Telling people I was an atheist was not particularly difficult. But, the first time I said, “I’m not a Christian” it did feel rather momentous – like a statement in need of a fanfare or a drum roll! It felt a little like the repudiation, not of God, but of my cultural roots. Still, eh bien, cultural schmultural, I cast off my Christian pretensions and haven’t missed them since.
Dawkins and Harris made me realise I’d been an atheist for quite a long time – a university education will do that to you – but I’d never put a ‘name’ to my growing conviction there was no God. They didn’t make me an atheist; they just put a name to it.
At that time, I was still holding on to some remnants of my spiritualist upbringing. For some time after, I resigned myself to being an atheist who believed in reincarnation. I really struggled to let go of the thought that, one day, I’d see my Dad again. But, as I read more widely and connected with a community of fellow atheists on the internet, I gradually let that comforting belief fizzle out; importantly, in my own good time.

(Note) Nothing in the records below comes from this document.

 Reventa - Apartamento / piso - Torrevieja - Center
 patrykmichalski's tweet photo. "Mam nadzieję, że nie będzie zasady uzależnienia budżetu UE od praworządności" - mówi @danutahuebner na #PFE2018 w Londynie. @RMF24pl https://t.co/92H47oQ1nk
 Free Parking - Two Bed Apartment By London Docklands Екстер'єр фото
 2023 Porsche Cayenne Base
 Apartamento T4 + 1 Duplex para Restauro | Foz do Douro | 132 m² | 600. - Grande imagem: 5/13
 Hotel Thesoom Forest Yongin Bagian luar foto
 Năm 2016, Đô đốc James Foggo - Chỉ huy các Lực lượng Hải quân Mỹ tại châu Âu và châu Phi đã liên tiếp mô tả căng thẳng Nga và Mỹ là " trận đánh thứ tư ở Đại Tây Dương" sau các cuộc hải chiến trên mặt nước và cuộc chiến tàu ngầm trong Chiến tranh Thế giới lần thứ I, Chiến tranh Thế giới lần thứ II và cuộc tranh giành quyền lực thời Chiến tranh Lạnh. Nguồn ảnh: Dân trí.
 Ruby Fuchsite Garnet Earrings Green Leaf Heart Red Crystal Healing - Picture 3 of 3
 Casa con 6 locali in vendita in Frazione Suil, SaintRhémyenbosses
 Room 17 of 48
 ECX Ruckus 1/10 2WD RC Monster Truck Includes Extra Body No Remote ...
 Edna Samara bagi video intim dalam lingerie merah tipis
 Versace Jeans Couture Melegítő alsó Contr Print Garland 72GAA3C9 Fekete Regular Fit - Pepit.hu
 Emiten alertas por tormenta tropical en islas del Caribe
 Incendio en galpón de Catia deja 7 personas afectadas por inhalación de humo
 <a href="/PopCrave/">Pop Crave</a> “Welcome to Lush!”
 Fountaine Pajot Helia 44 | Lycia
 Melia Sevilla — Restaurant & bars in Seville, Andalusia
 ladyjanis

In 2008 I joined an online community called Atheist Nexus. Soon after, I was invited to Skype into a conference in the USA at which Richard Dawkins was the key-note speaker. Coincidentally, at the time I skyped in, Dawkins was nearby signing books. I’d become rather a big fan of Dawkins so I was rather taken aback when I saw and overheard the following conversation:
Enthusiastic conference-goer (with copy of The God Delusion in hand): Mr Dawkins, I loved your book. Would you please sign it “To Harry …”
Dawkins (grumpily): I’m not signing names. If I sign names I’ll be here all day!
Not particularly gracious considering these were the people who had brought him international fame and fortune!
‘Grumpy Dawkins’ later become immortalised in an interview with Andrew Denton on ABC TV’s ‘Elders’.
(Part 3 – Part 1 and Part 2 available online)
Still, I reasoned, why should Dawkins be likeable? He isn’t a pop star or an actor or even a politician. He is a scientist, not a celebrity. Why shouldn’t we expect him to be as rude and irascible as any other ordinary human being? After all, that’s what he is – an ordinary human being with some extraordinary talents!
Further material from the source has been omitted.